_DATA FOR THIS EXERCISE_
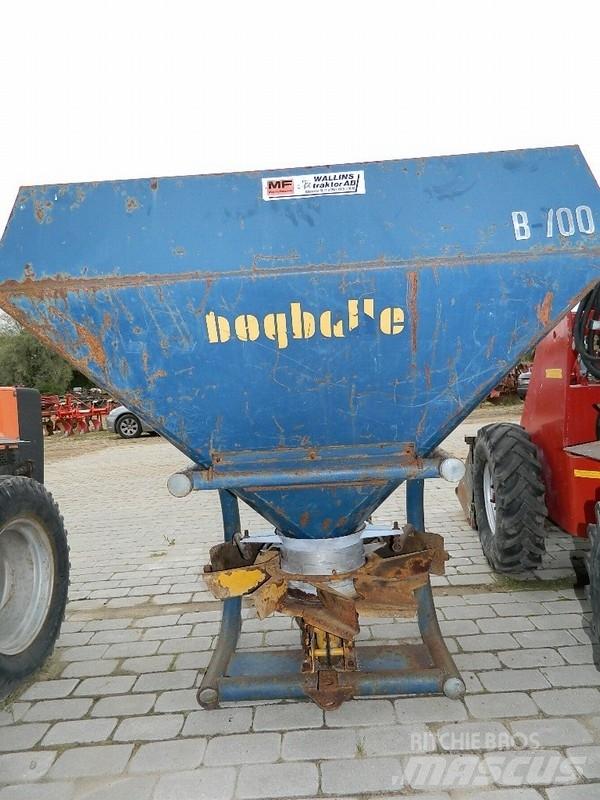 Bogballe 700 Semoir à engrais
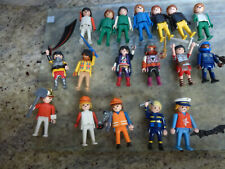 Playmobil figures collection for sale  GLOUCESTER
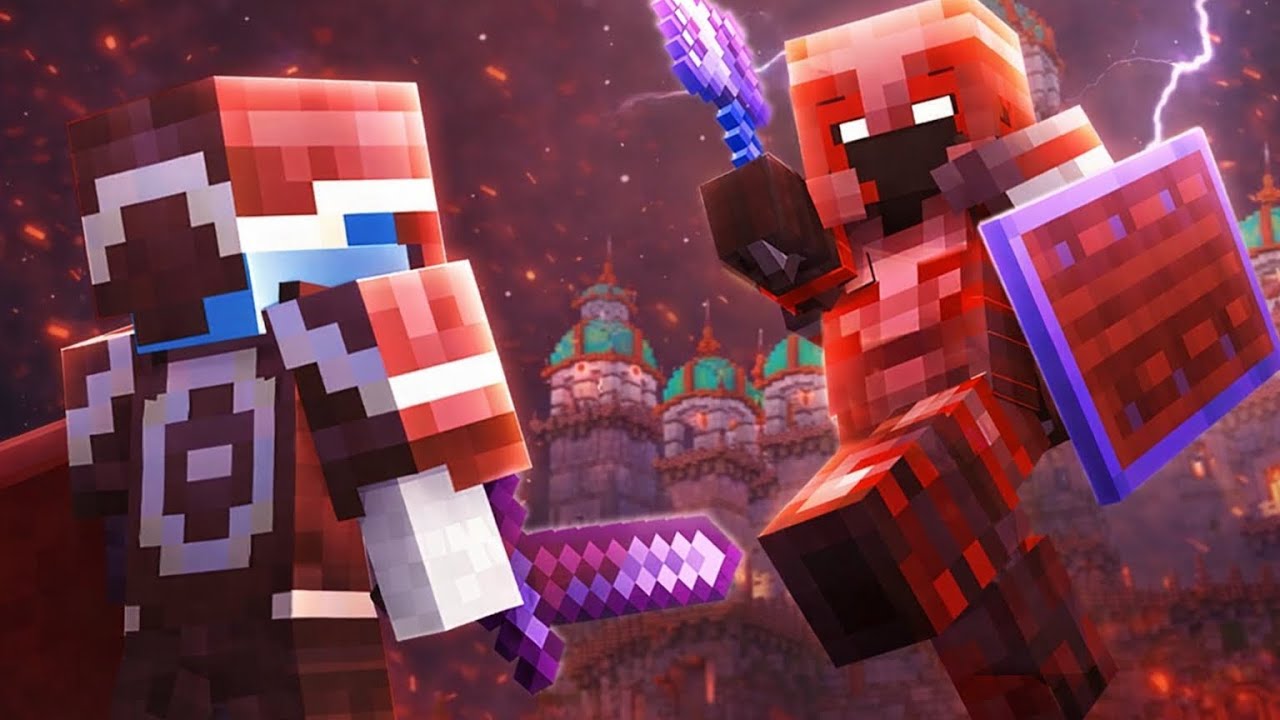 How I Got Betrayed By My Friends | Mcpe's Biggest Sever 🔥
==
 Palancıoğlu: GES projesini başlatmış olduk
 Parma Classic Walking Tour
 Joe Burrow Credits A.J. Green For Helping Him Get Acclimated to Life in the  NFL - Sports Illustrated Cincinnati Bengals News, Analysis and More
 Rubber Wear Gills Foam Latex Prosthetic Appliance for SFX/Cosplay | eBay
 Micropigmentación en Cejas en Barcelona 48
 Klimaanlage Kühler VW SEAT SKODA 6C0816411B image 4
==
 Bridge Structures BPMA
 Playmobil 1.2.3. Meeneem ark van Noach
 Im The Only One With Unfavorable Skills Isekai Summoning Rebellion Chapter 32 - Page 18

_WHAT THIS TASK INVOLVES_
In the listing above, find the line with "Bogballe 700 Semoir à engrais" and the line with "How I Got Betrayed". Transcribe those two and everything between, exactly, leaving out pictures.

_COMPLETED TASK_
 Bogballe 700 Semoir à engrais
 Playmobil figures collection for sale  GLOUCESTER
 How I Got Betrayed By My Friends | Mcpe's Biggest Sever 🔥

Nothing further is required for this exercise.